A PLANNING application has been approved for a 49MWe biomass-fuelled power station in Stockton-On-Tees, Teesside. The project, known as BEI-Teesside, will bring £150 million of investment to the region. It will reinvigorate a brownfield site on the bank of the River Tees, and create hundreds of jobs during the two-year construction period and beyond.
This decision by the planning committee is a bold step forward for Teesside, which prides itself on its understanding and experience of technology and industry. Teesside will now take its place among the leading producers of green energy in Britain. BEI-Teesside will provide many exciting opportunities for the region. Matthew Day, project director for the development said:
„We are very pleased with the decision today. It confirms that Teesside is on course to become the national centre for renewable energy and low carbon living. We believe this Iconic building will become an exemplar of modern power station design; a local landmark, and also a national symbol of Britain‟s strategy for Renewable Energy. We have an ambitious design team capable of understanding and responding to the practical complexities of the project. Heatherwick Studios, the designers, have brought a level of design and artistic thinking rarely associated with this typology of building and we look forward to developing this project with the local government and local companies‟
Rising from the flat industrial landscape of Clarence Works, at first sight it looks more akin to an art gallery than a power station.

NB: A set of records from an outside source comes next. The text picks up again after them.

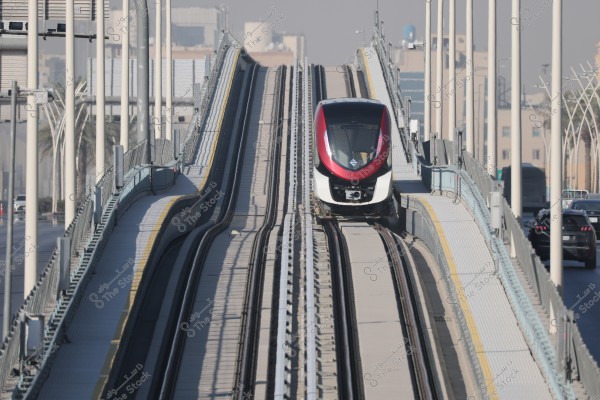 The image shows a modern train traveling on an elevated railway track in the middle of a city. The train has a sleek design in red and black colors. Palm trees and urban buildings appear in the background, suggesting a sunny day with clear skies.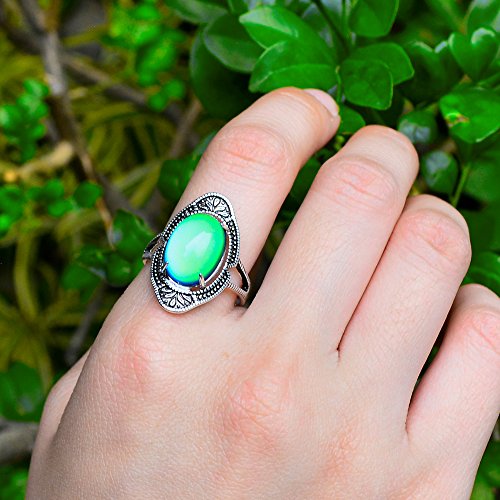 Vintage Style Antique Silver Plating Brass Oval Stone Color Change Mood Ring Size Adjustable For Women3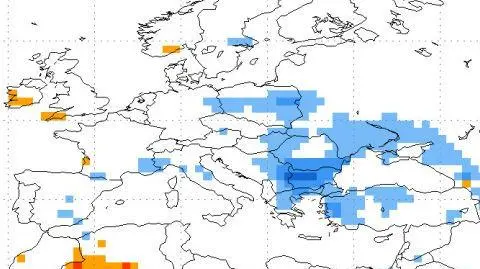 Odchylenie temperatury średniej miesięcznej od średniej wieloletniej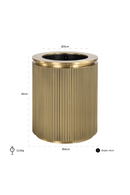 Jardinière cylindrique striée dorée | Richmond Ironville | Meubleluxe.fr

Constructed entirely of organic sweeping curves, Heatherwick Studios has created a striking building unlike any other power station in existence which is sure to become an iconic landmark on the Tees Valley skyline. With a structure that reflects its purpose the building is, in places, literally green. For a visitor approaching, the building will seem to rise indistinguishable from the surrounding landscape. The exterior is composed of panels, which will be planted with indigenous grasses. The power station occupies only a third of its brownfield site, with the remaining four hectares to be landscaped to form natural grassland. The site is currently barren with little or no ecology, and the project will create a suitable habitat for the rare flora and fauna that return to industrial sites such as this.
Engineered with the latest technology it will also contain offices, a visitors’ centre and an education resource centre for Renewable Energy offering stunning views across the Tees Valley. A work of art in itself, it will reflect the ambitious redevelopment plans for Middlehaven just a few hundred meters across the river and provide an important development for Stockton linking it to the Middlehaven development.
BEI-Teesside will be powered by using the by-products of crops as a fuel, the benefits of this are that no land will be diverted from food production or from forestry for the fuel. It will also provide the crop growers with additional revenue and clears away the unusable material.
The location of the project, on the river Tees, allows for all fuel to be delivered by ship, ensuring lorries are not used in the delivery of fuel. This will significantly reduce the impact on local roads when the plant is in operation.